#### [What you need to do]
In the copy, include exactly the lines from the one with "Next, we'll mix" through the end of the data and no others, both ends kept, with every picture left out.

#### [Task input]

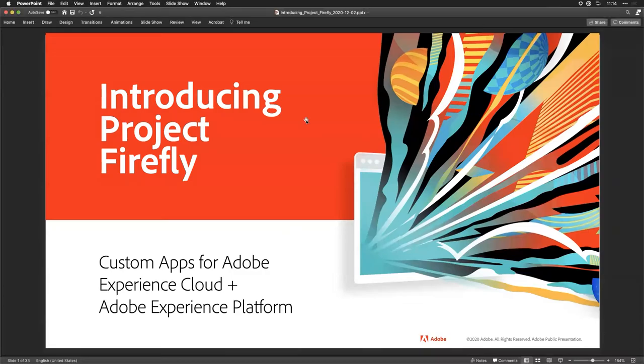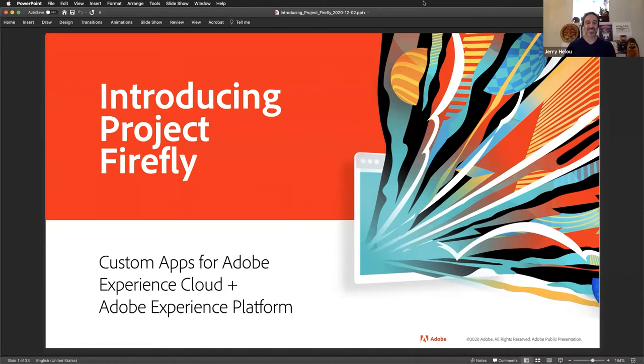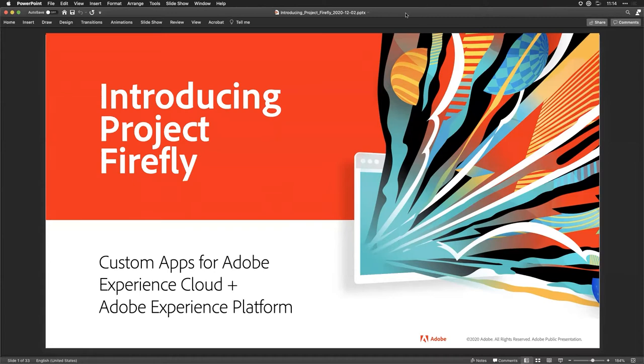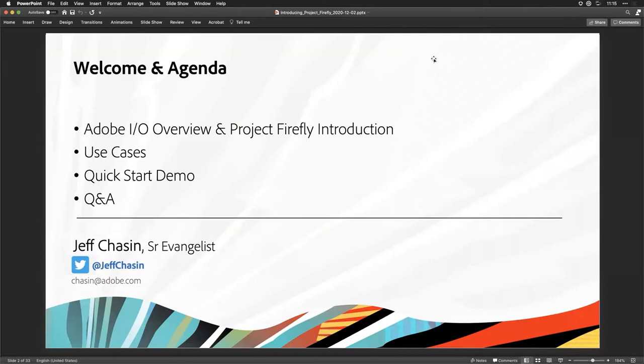Let's jump into the presentation and then get into more questions. Sharing the slides now. There are a lot of moving parts, so let's do a quick layer-cake view of the tech stack. At the foundational base layer in red we have the Platform. For those less familiar, there are services on top of the data platform like Real-Time Customer Profile for personalization of content and offers at the scale of millions and millions of customer profiles.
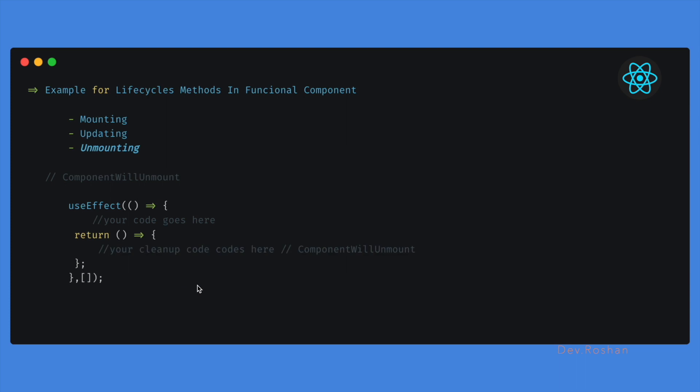Similarly with unmounting, we can put the cleanup code inside the return. So when the component will unmount, when we switch back to another component from one component, it will run. If you put console.log here we can see, and whatever code we put inside the return, it will clean up.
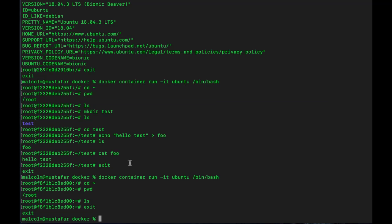What if we didn't want Ubuntu 18.04? What if we wanted a particular version? Maybe a customer says the application fails when running on Ubuntu 16.04. We can start up a container of a particular version. Before, when I just said 'ubuntu', I ended up with Ubuntu latest. What I want to do is run a specific version — we can tag a specific Ubuntu version number on the end. I'm saying I want to run a container with an interactive session, and the base image I want to use is Ubuntu version 16.04.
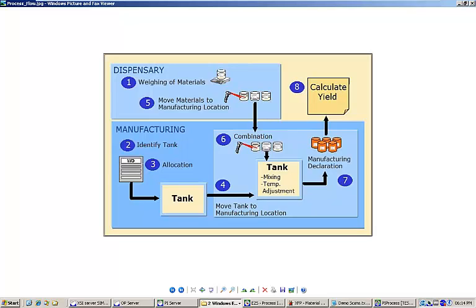Next, we'll mix our solution and perform a temperature adjustment. Finally, we'll perform our manufacturing declaration and calculate the yield of our batch.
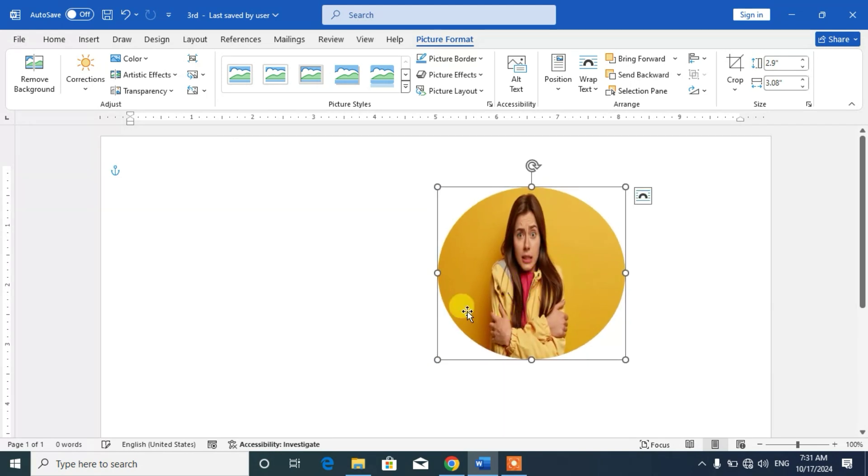Friends, I hope you have learned how to make a circular photo or circular picture in Microsoft Word. If my video helps you in any way, please subscribe my channel and hit the like button. Thanks for watching, thanks for your time. Take care, goodbye.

#### [Task solution]
Next, we'll mix our solution and perform a temperature adjustment. Finally, we'll perform our manufacturing declaration and calculate the yield of our batch.
Friends, I hope you have learned how to make a circular photo or circular picture in Microsoft Word. If my video helps you in any way, please subscribe my channel and hit the like button. Thanks for watching, thanks for your time. Take care, goodbye.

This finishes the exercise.